Un lien entre l’intérieur et l’extérieur
Vu les différentes phases de transformation depuis le déplacement de la production de macaroni en 1917 et vu l’état du bâtiment, la situation de départ était complexe et il fallait s’attendre à des surprises en cours de travaux. Il a néanmoins été possible de réaliser une rénovation prenant pour référence les structures d’origine sans faire disparaître toutes les traces des modifications ultérieures.
Le corps central a retrouvé sa fonction de lien entre l’intérieur et l’extérieur : les portes et les fenêtres murées ont été rouvertes, un ancien escalier rétabli dans son usage sous une forme nouvelle, et une cage d’ascenseur en béton a été ajoutée. Les fenêtres sur cour offrent de surprenants coups d’œil vers l’intérieur et l’extérieur. Enfin des sols translucides en verre ont remplacé les planchers intermédiaires ajoutés ultérieurement et permettent ainsi de percevoir à nouveau l’ouverture centrale des combles.
Des différences de caractère d’un espace à l’autre
Des appartements à plan en ligne droite sont maintenant aménagés là où autrefois l’on faisait sécher les nouilles. Les larges galeries au sud forment un agrandissement très agréable en offrant un espace extérieur abrité. Les appartements des niveaux inférieurs ont un autre caractère. Des structures variées à des hauteurs de plancher différentes créent un jeu d’échappées de vue tout en respectant la substance historique.
Les plafonds à poutres, restaurés au prix de grands efforts et qui pour certains ont des entrevous en berceau segmentaire maçonné, ont été laissés visibles partout où cela était possible. Même la grande baie à plein cintre de la façade ouest, par où étaient transportées les matières premières et les marchandises, a été rouverte. L’espace sur lequel elle donne à l’intérieur a été rétabli dans sa hauteur d’origine et transformé en salle de séjour baignée de lumière.
- Le corps central a retrouvé sa fonction de lien entre l’intérieur et l’extérieur (photo : Susanne Goldschmid).
- L'espace derrière la grande baie de la façade ouest a été transformé en salle de séjour baignée de lumière (photo : GWJ Architektur AG, Bern).
- Des sols translucides permettent de percevoir à nouveau l’ouverture centrale des combles (photo: Susanne Goldschmid).
Mesures
Documentation préalable sur la construction, assainissement et transformation, 2021–2024
Maître d’ouvrage : Laubegg AG, Bern
Architectes : Daniel Meyer, GWJ Architektur AG, Bern
Artisans (mesures de conservation) : Von Dach AG, Bern (pierre naturelle, enduits de façade); Wirz AG Bauunternehmung (remise en état des plafonds à entrevous); Markus Witschi Zimmerei-Innenausbau, Jegenstorf; Dürig und Völkel GmbH (menuiserie)

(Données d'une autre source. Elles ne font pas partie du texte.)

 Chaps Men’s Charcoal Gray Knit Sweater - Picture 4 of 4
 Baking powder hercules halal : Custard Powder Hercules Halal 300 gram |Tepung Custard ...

Service des monuments historiques : Peter Bannwart, Peter Ernst, Markus Thome
Mise sous protection : Canton 2007
Brève information sur l’objet
Ancienne fabriquede pâtes alimentaires, vers 1843, aujourd'hui maison d'habitation
Ce bâtiment massif en forme d'équerre sous un toit en croupe largement débordant est situé entre la Worble et le Mühlekanal. Une ancienne huilerie a été intégrée au nouveau bâtiment lors de la construction de la « fabrique de macaroni ». Le bâtiment a été utilisé de diverses manières comme huilerie, pilon, râpe, moulin, fabrique de pâtes, de chocolat et de café. Les façades crépies avec des fenêtres rectangulaires et des portes en arc de cercle sont structurées par des pilastres jointés, des corniches de ceinture et de toit et des encadrements de portes et de fenêtres en grès. L'ancienne aile de l'usine au nord dispose d'un atrium, tandis qu'au sud, au-dessus du canal, se trouvent encore les anciennes chambres de roue avec un portique en bois au-dessus. Ce bâtiment pré-industriel de caractère est entouré d'un beau jardin arboré. En 1995, l'usine a été transformée en maison d'habitation.